Peki, dedim.. Sen çıktın yine bahtıma, sen çıktın niyetime..
Ben sana
aşkı yazardım ama sen en fazla bir, bilemedin çok çok beğensen iki kere okur
geçerdin.. Oysa ben sana seni yazdım, bizi yazdım; bundandır okuya okuya
bitiremeyişimiz yaşaya yaşaya kavuşamayışımız bu sevdada.. Birbirini tamamlayan
bir yap-bozun parçalarıyız biz.. Ne kadar dağılırsak dağılalım, ne kadar
ayrılırsak ayrılalım, ne kadar parçalanırsak parçalanalım eninde sonunda
birbirimize mahkumuz, birbirimize muhtacız, birbirimiz olmadan tam olamayız bu
aşk yolculuğunda.. Geçen yolda alkol kontrolü diye çevirdi dört bir yanımı
aynasızlar yine; tutmuşlar köşe başlarını.. Üfledim çaresiz olanca nefesimle
yine.. Ve yine yeniden sen çıktı sarhoşluğum en yüksek promilden.. Gbt'me
baktılar sonra, onlarca sayfa sadece sen çıktın.. Aşk, diyorum.. Özlem,
diyorum.. Hasret, diyorum.. Özledim, diyorum.. Anlamsız gözlerle bakıyorlar
önce, anlamaz gözlerle bırakıyorlar sonra.. Çok sevme diyorlar.. Mümkün mü
dersin.. Gülümsüyorum..
Gözyaşlarımı
akıtmadan ağlıyorum içime doğru usul usul.. Göğe saçılıyor kanlarım bulut
bulut.. Aldırmıyorum.. Aldırmıyor hiç kimse üstlerine başlarına bulaşan
kanıma.. Aldırmıyor gece bu kara gözlü meczubun kan yağmurlarına.. Aldırmıyor
köşedeki kedi, kediden kaçan fare, onları seyreden berideki köpek.. Uzaklardan
ateş böceklerinin şarkısı duyuluyor inceden.. Soğuk ısırıyor yanaklarımı; bir
Kasım ayazı hüküm sürüyor havada.. Baykuş sesleri tırmalıyor çatıları..
Camlarını kimbilir hangi hasret nöbetinde tuzla buz ettiğim ahşap pencereden
dışarı bakıyorum, karanlık her yan; uçsuz bucaksız bir yalnızlık dışarda..

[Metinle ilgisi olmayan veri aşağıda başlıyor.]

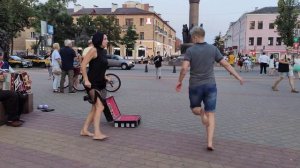 Танцы босиком! Кто круче танцует, мама или дочь? Зацените!!!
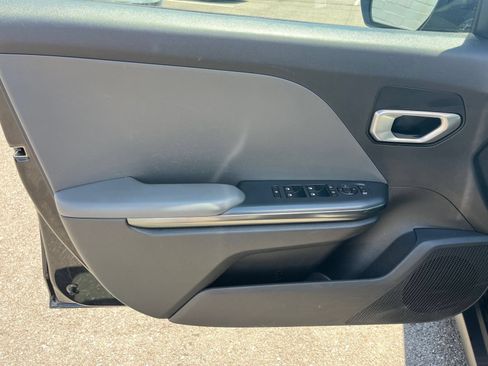 Used 2025 Kia K4 FWD image 18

Terkedilmiş bir şehrin son nefesinden seyrediyorum akbabaların aç çığlıklarını..
Yalnızlığa veriyorum kalp kırıklarımı, alıp birleştirsin diye; heyhat,
darmadağın ediyor zalımın oğlu, sanki o da kaderle işbirlikçi..
Masallara
inanıyorum ben hala; gökten düşecek üç elmaya, iyilerin kazanacağına, kötülerin
kaybedeceğine, her aşkın mutlu sonla biteceğine.. Bakma yaşıma başıma, bakma
saçlarımın azalmışlığına, aralardaki kırlara, gözlerimin eski keskinliğinin
olmayışına; her şeye rağmen iyi niyetini koruyan küçücük bir çocuk var içimde..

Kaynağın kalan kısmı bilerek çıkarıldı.